### Recorded data

┌──

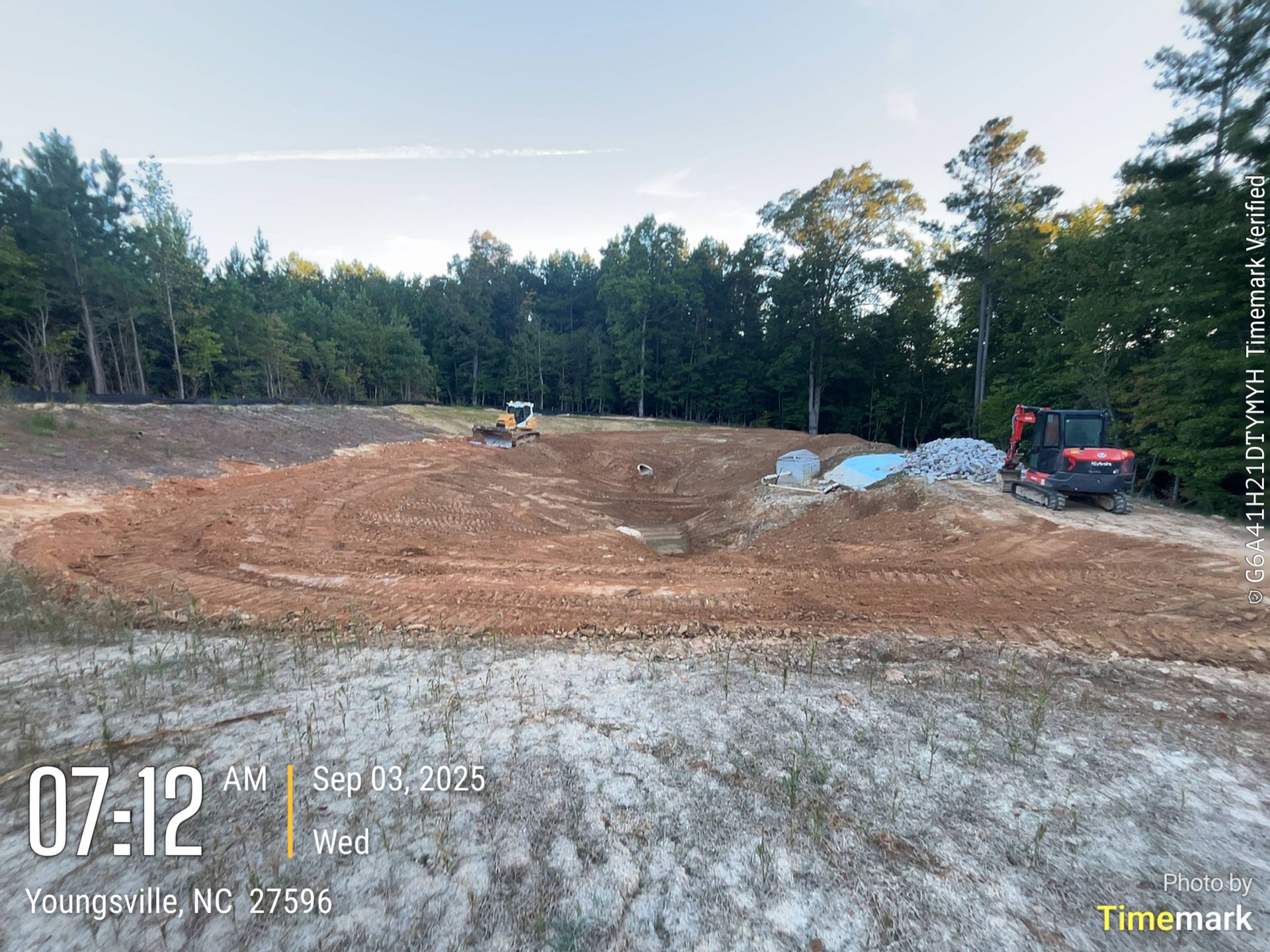 Construction site in Youngsville, NC at 7:12 AM on September 13, 2023, with heavy machinery and cleared land.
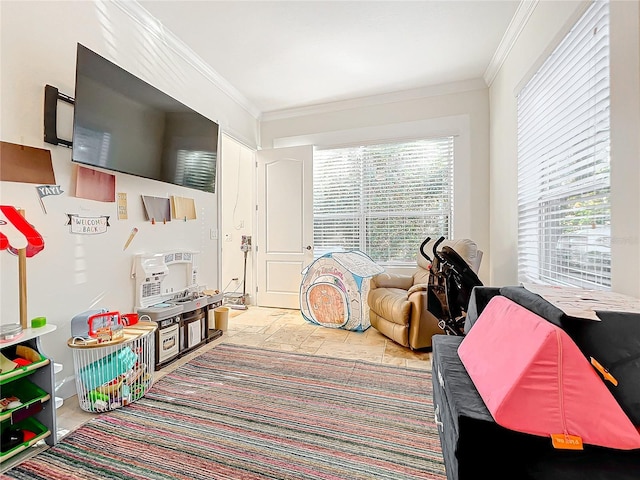 rec room with light tile patterned floors and crown molding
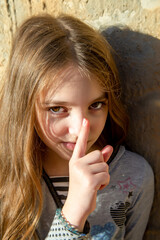 Naklejka premium girl teenager puts her finger to her nose, as if keeping something secret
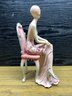Pair Of Resin 1920s Style Seated Flapper Girl Statue Figures.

└──

### Exercise
Wherever an image appears in the data, omit it and repeat everything else exactly.

### Response box
 Construction site in Youngsville, NC at 7:12 AM on September 13, 2023, with heavy machinery and cleared land.
 rec room with light tile patterned floors and crown molding
 Naklejka premium girl teenager puts her finger to her nose, as if keeping something secret
Pair Of Resin 1920s Style Seated Flapper Girl Statue Figures.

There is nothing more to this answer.